WHAT IS NEEDED:
Return the lines beginning at the one that contains "Tyre tube valve cheap" and running to the end of the records, exactly and with nothing else. Omit pictures.

# # # #

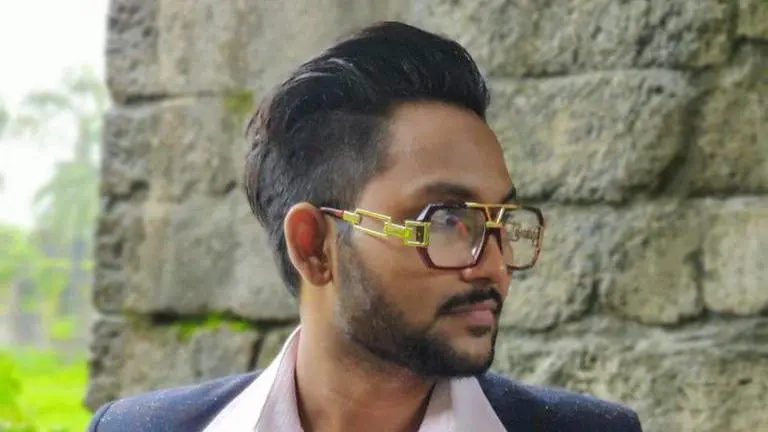 Kumar Sanu’s son Jaan to appear on ‘Bigg Boss’, says the decision 'shocked' his father Bigg Boss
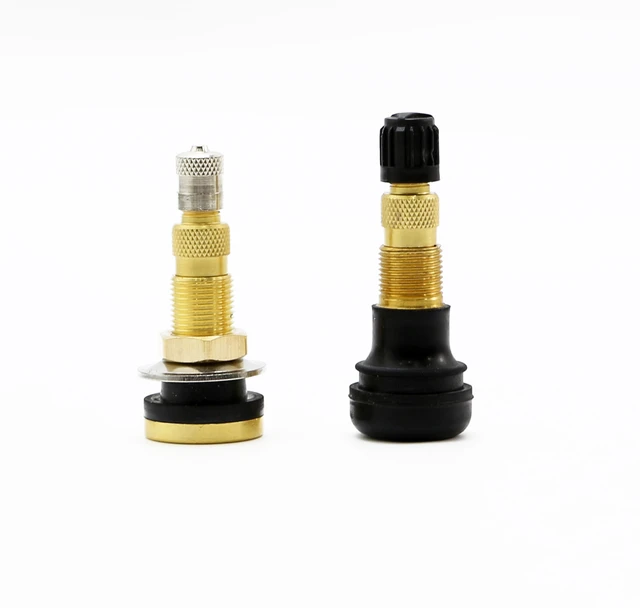 Tyre tube valve cheap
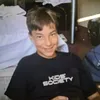 genuinely_furious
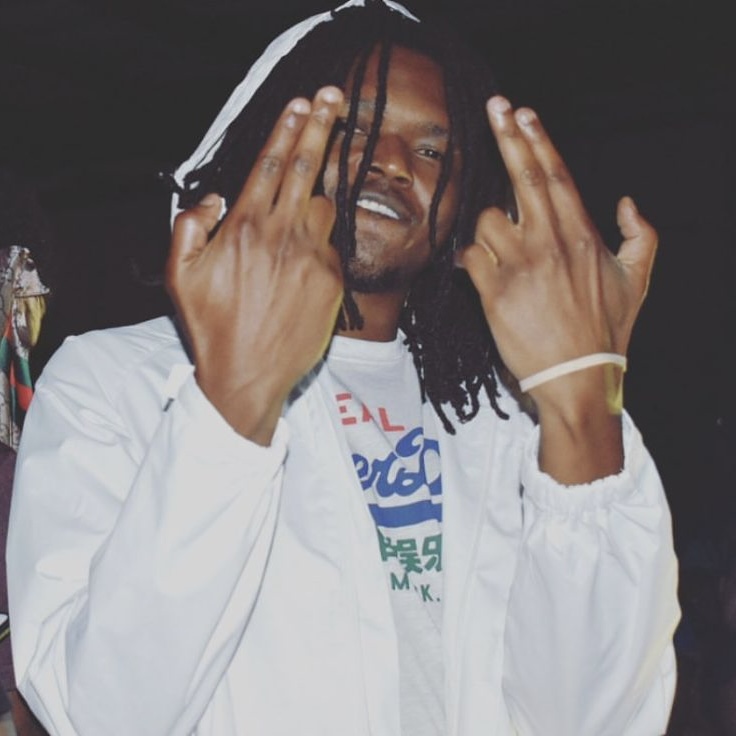 Young Nudy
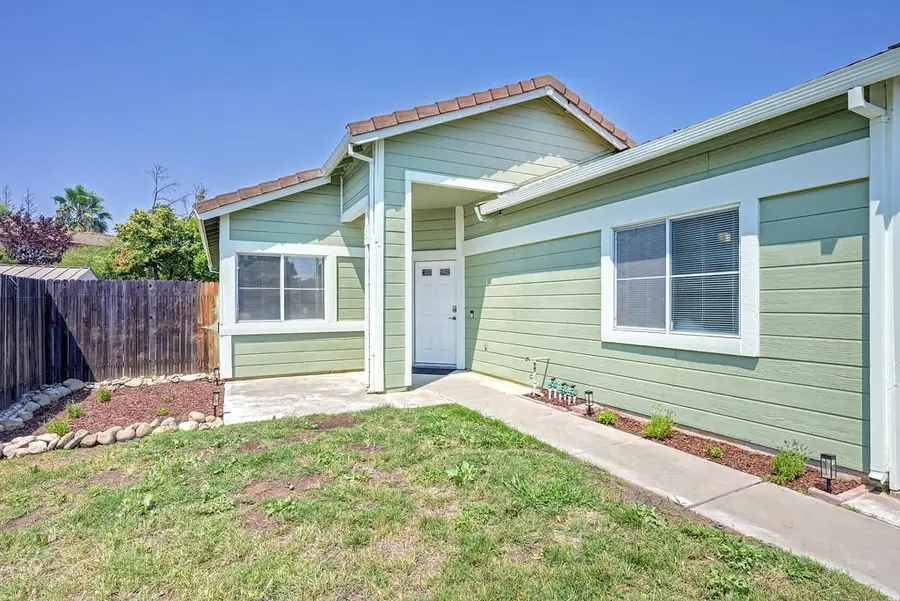 5621 Elk Spring Way, Elk Grove, CA 95758 - #3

# # # #

WRITTEN RESPONSE:
 Tyre tube valve cheap
 genuinely_furious
 Young Nudy
 5621 Elk Spring Way, Elk Grove, CA 95758 - #3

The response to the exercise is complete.